# Parametric to Cartesian - # 5

#### Jason76

Find the Cartesian equation from the parametric one.

$$\displaystyle $x = \cos (\pi - t), y = \sin (\pi - t), 0 \leq t \leq \pi$$$

Since we have some stuff on the inside, rather than coefficients can we just say it's

$$\displaystyle x^{2} + y^{2} = 1$$

#### topsquark

Forum Staff
Find the Cartesian equation from the parametric one.
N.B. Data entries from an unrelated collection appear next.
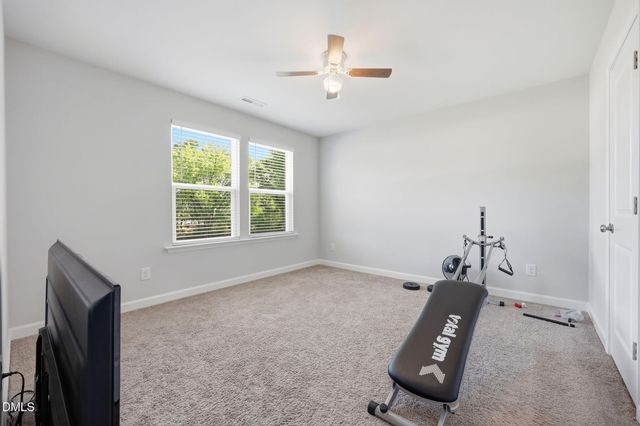 68 Van Winkle Street, Lillington, NC 27546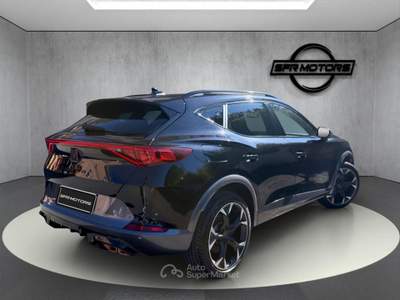 Cupra Formentor VZ Plug-in Hybrid 245cv - PROMO/IVA ESP. usata Roma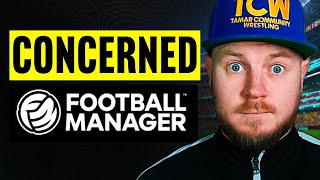 My HONEST Thoughts on Football Manager 2025 So Far [upl. by Otila]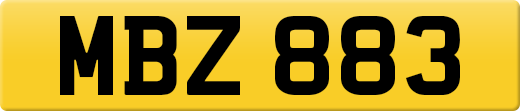 MBZ883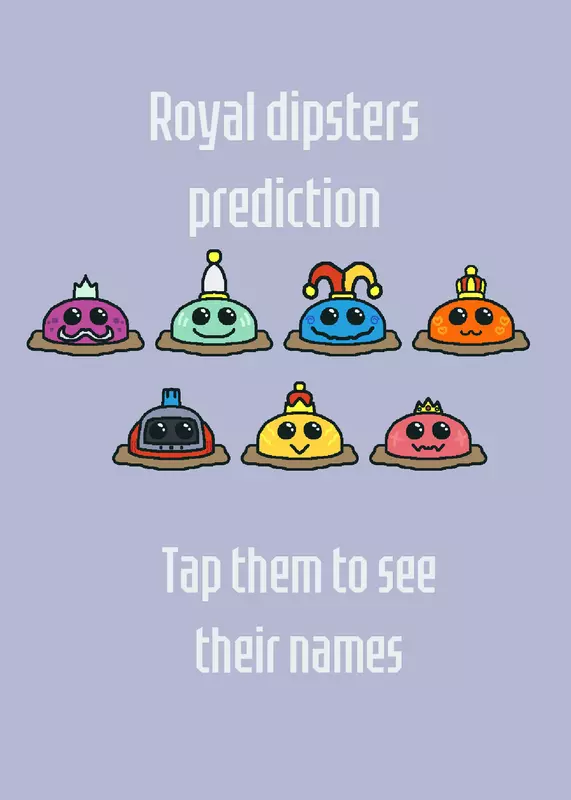 Game by @Snailearth_221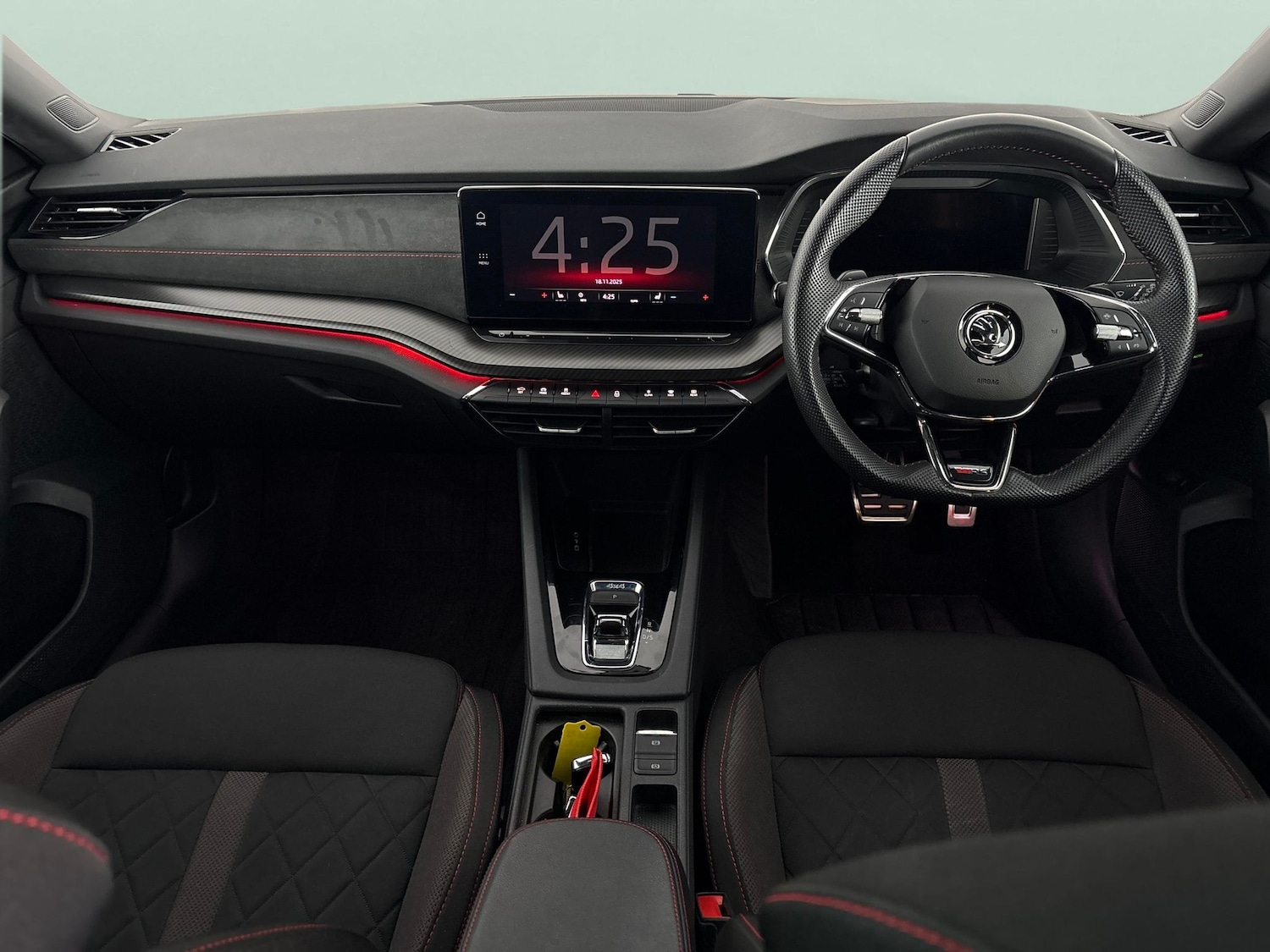 Used Skoda Octavia 2022 for sale - 76709882: Photo 6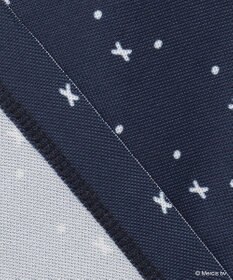 23区GOLF 【WOMEN】【吸水速乾/UVカット】ミッフィーフェイスポロシャツ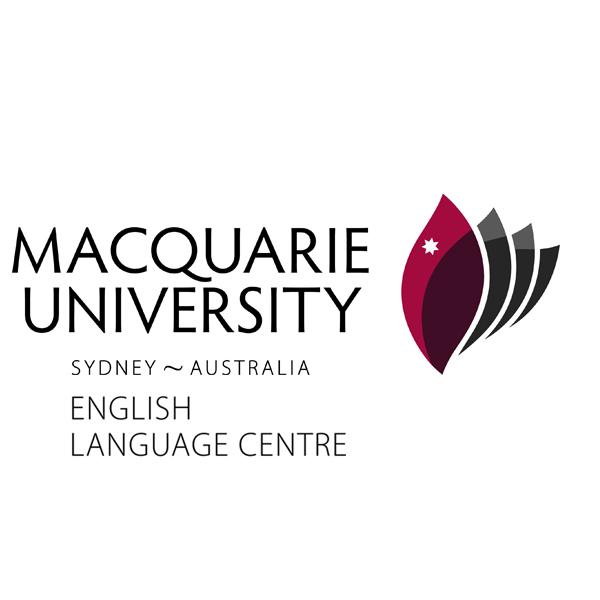麥考瑞大學英語語言中心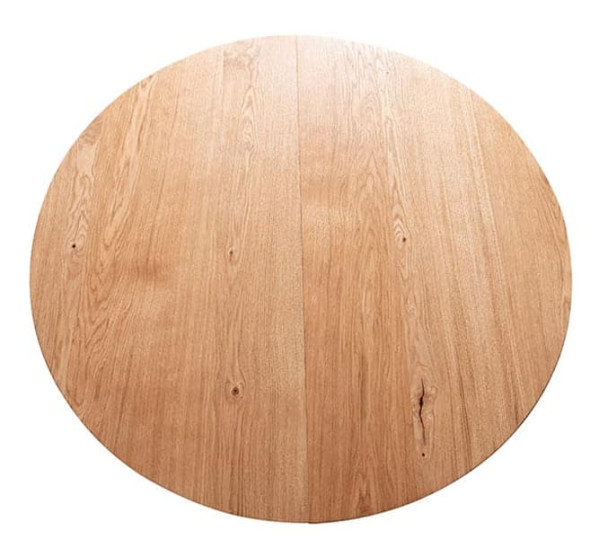 Стол раскладной обеденный Prestol МАРС Венге-дуб дикий МДФ-4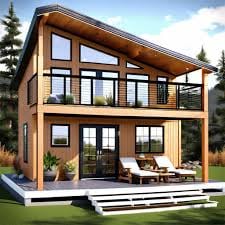 2 BHK Villa For Sale in Achit Nagar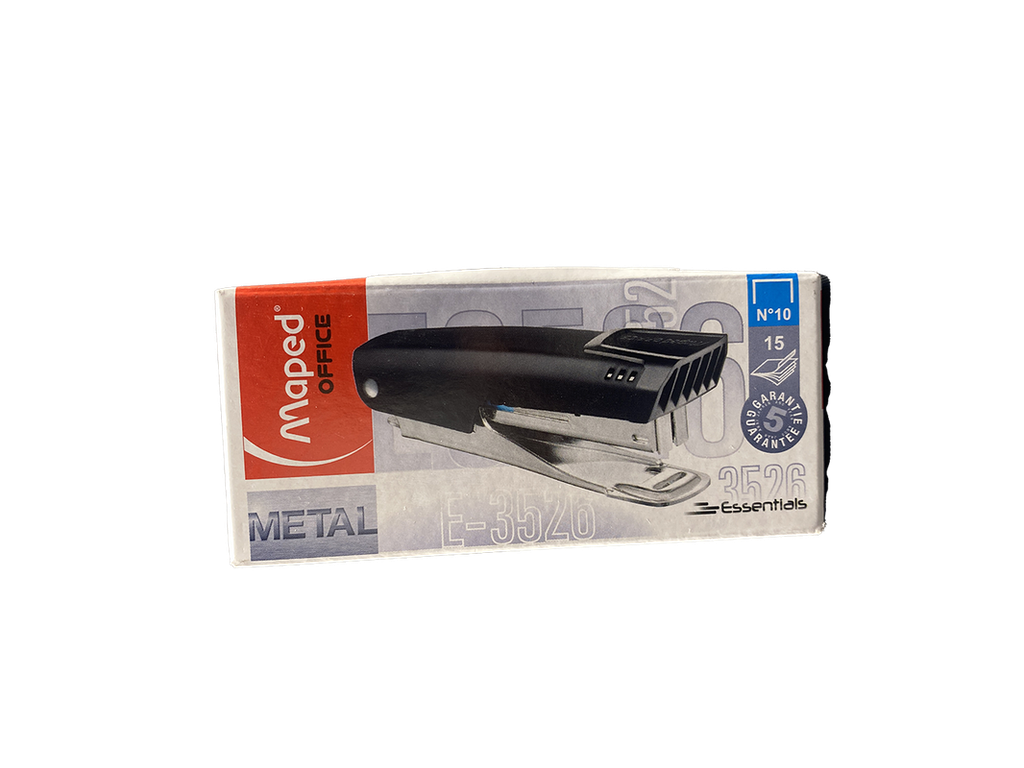 AGRAFEUSE MAPED REF: 352611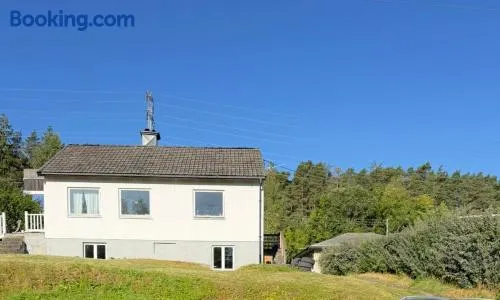 Apartment Brevik - Image 1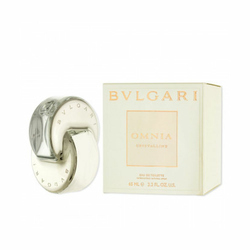 Bvlgari Omnia Crystalline Eau De Toilette 65 ml (woman)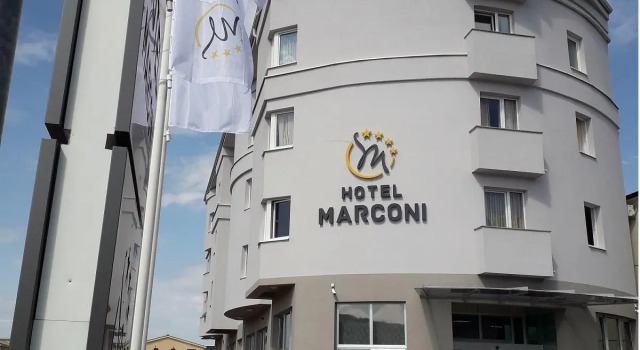 Hotel Marconi, Забронировать Отель Bijakovići Федерация Боснии и Герцеговины
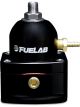 Fuelab 515 TBI Adjustable FPR 10-25 PSI 2 -10AN In 1 -6AN Return B…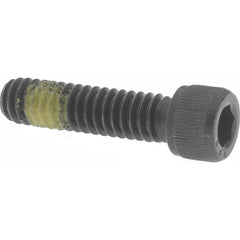 Value Collection - 1/4-28 UNF Hex Socket Cap Screw - Makers Industrial Supply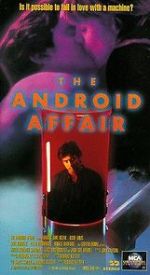Watch The Android Affair Viooz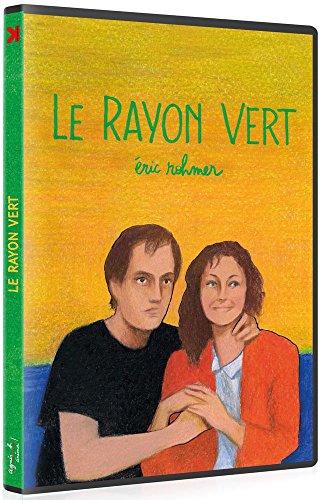 Le rayon vert [FR Import]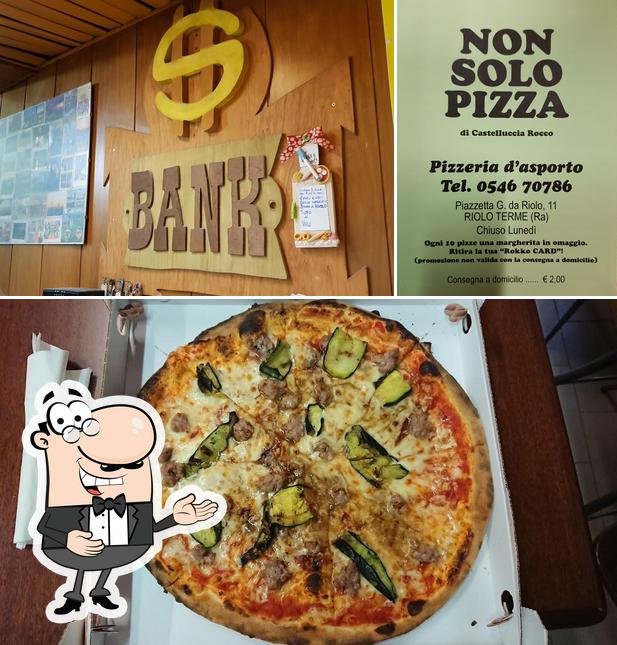 Vedi la immagine di Nonsolopizza Riolo Terme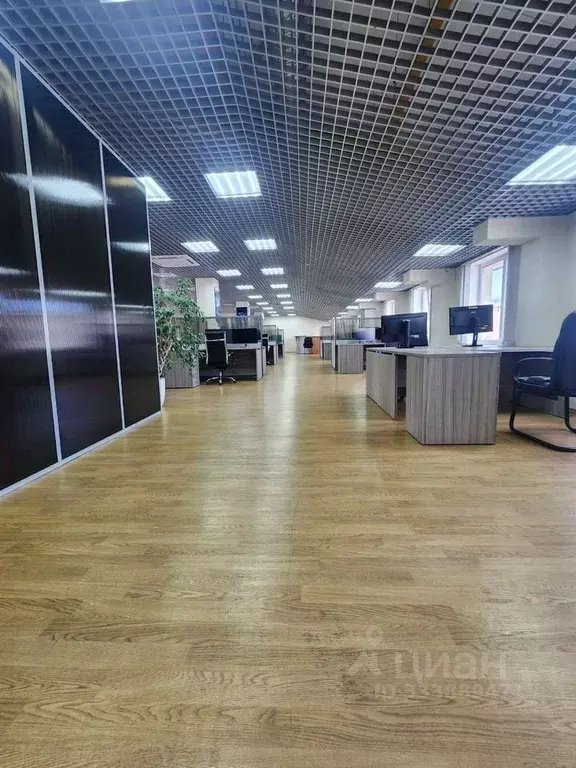 Офис в Санкт-Петербург Штурманская ул., 11 (312 м) - Фото 1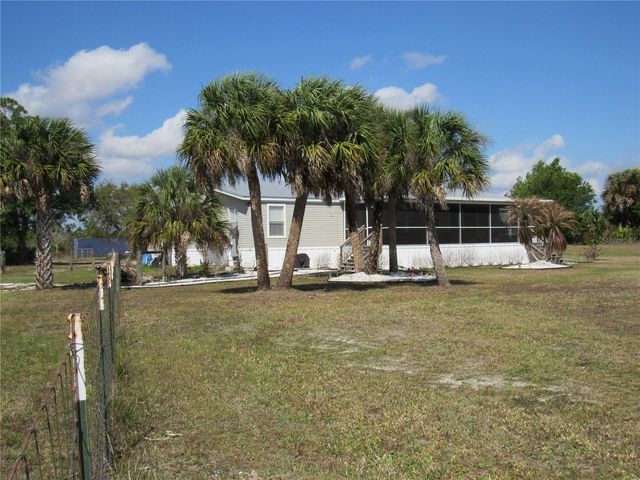 50544 BERMONT ROAD, Punta Gorda, FL 33982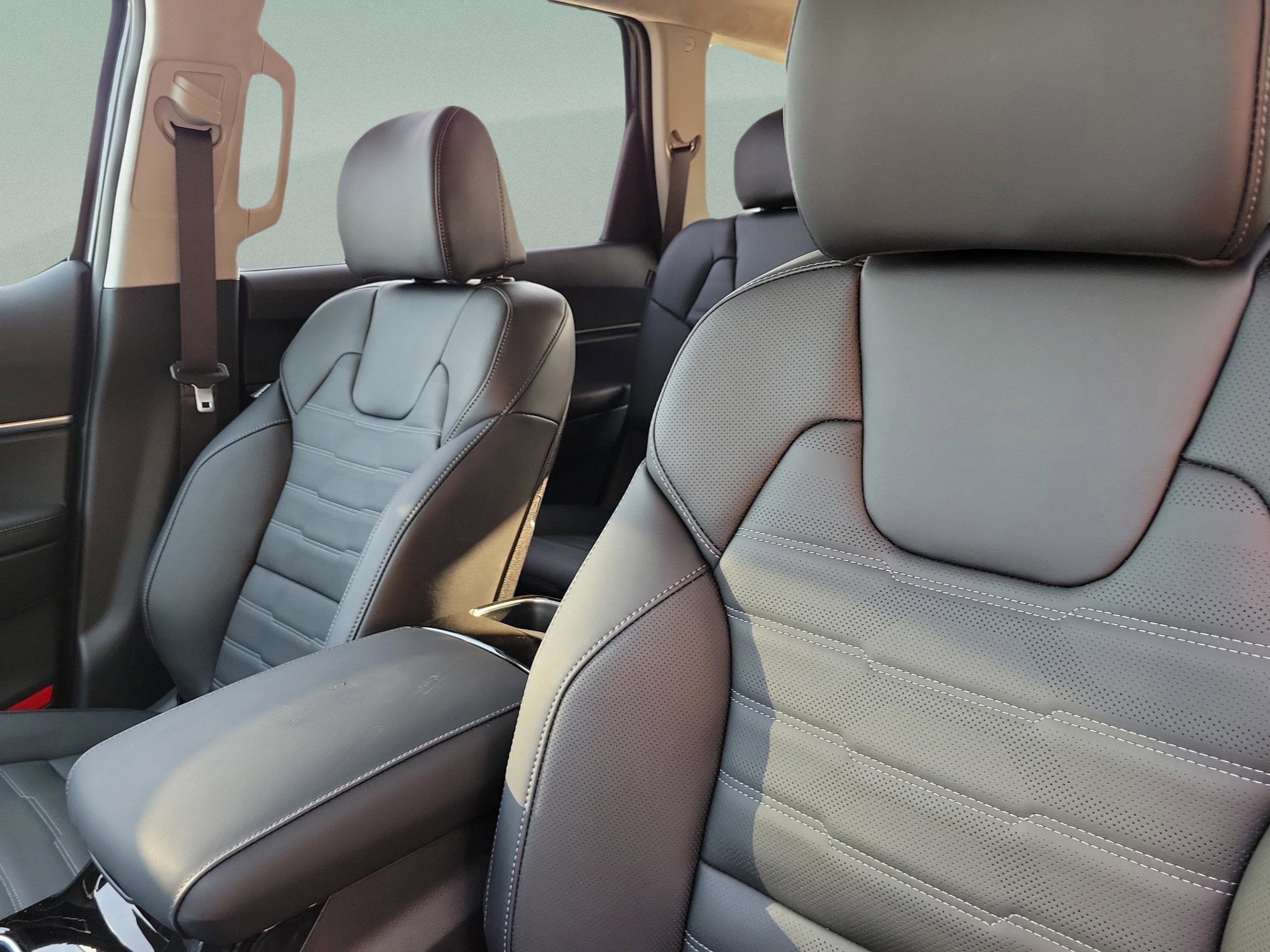 2025 Kia Telluride SX-Prestige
$$\displaystyle $x = \cos (\pi - t), y = \sin (\pi - t), 0 \leq t \leq \pi$$$

Since we have some stuff on the inside, rather than coefficients can we just say it's

$$\displaystyle x^{2} + y^{2} = 1$$
Yup!

See if you can figure out what the difference between the problems ( x = cos(t), y = sin(t) ) and ( x = cos(pi - t) , y = sin(pi - t) ) is. The y(x) equations are the same. So what's different?

-Dan

Sorry, beats me.

#### topsquark

Forum Staff
Sorry, beats me.
Make a list of a couple of t values. In particular, what are x and y for both problems at t = 0...

-Dan

#### thisuserhas

Sorry, beats me.
Employ the following Trig Identities -
$$\displaystyle \cos(A + B) = \cos(A)\cos(B) - \sin(A)\sin(B)$$
$$\displaystyle \sin(A + B) = \sin(A)\cos(B) + \sin(B)\cos(A)$$
eg -
$$\displaystyle \cos(\pi - t) = \cos(\pi)\cos(t) - \sin(\pi)\sin(t)$$

1 person

#### Jason76

Employ the following Trig Identities -
$$\displaystyle \cos(A + B) = \cos(A)\cos(B) - \sin(A)\sin(B)$$
$$\displaystyle \sin(A + B) = \sin(A)\cos(B) + \sin(B)\cos(A)$$
eg -
$$\displaystyle \cos(\pi - t) = \cos(\pi)\cos(t) - \sin(\pi)\sin(t)$$
$$\displaystyle y = \cos(\pi - x) = \cos(\pi)\cos(x) - \sin(\pi)\sin(t)$$ ??

#### Plato

MHF Helper
Find the Cartesian equation from the parametric one.
$$\displaystyle $x = \cos (\pi - t), y = \sin (\pi - t), 0 \leq t \leq \pi$$$
Since we have some stuff on the inside, rather than coefficients can we just say it's
$$\displaystyle x^{2} + y^{2} = 1$$
Given this contour is a semicircle. To see that $(\pi-t)$ goes $(-1,0)\to(1,0)$ as $0\le t\le \pi$.
$\Large y=\sqrt{1-x^2}$

1 person

#### Jason76

Given this contour is a semicircle. To see that $(\pi-t)$ goes $(-1,0)\to(1,0)$ as $0\le t\le \pi$.
$\Large y=\sqrt{1-x^2}$
How can you tell it's a semi-circle?

#### Plato

MHF Helper
How can you tell it's a semi-circle?
It is is very simple: I know the basics.
I have observed that you are trying to skip the grunt work.
You need to go back and take a solid pre-calculus course. It cannot be done online.

1 person

#### thisuserhas

$$\displaystyle y = \cos(\pi - x) = \cos(\pi)\cos(x) - \sin(\pi)\sin(t)$$ ??
$$\displaystyle \cos(\pi) = -1 \:,\: \sin(\pi) = 0$$
Sub in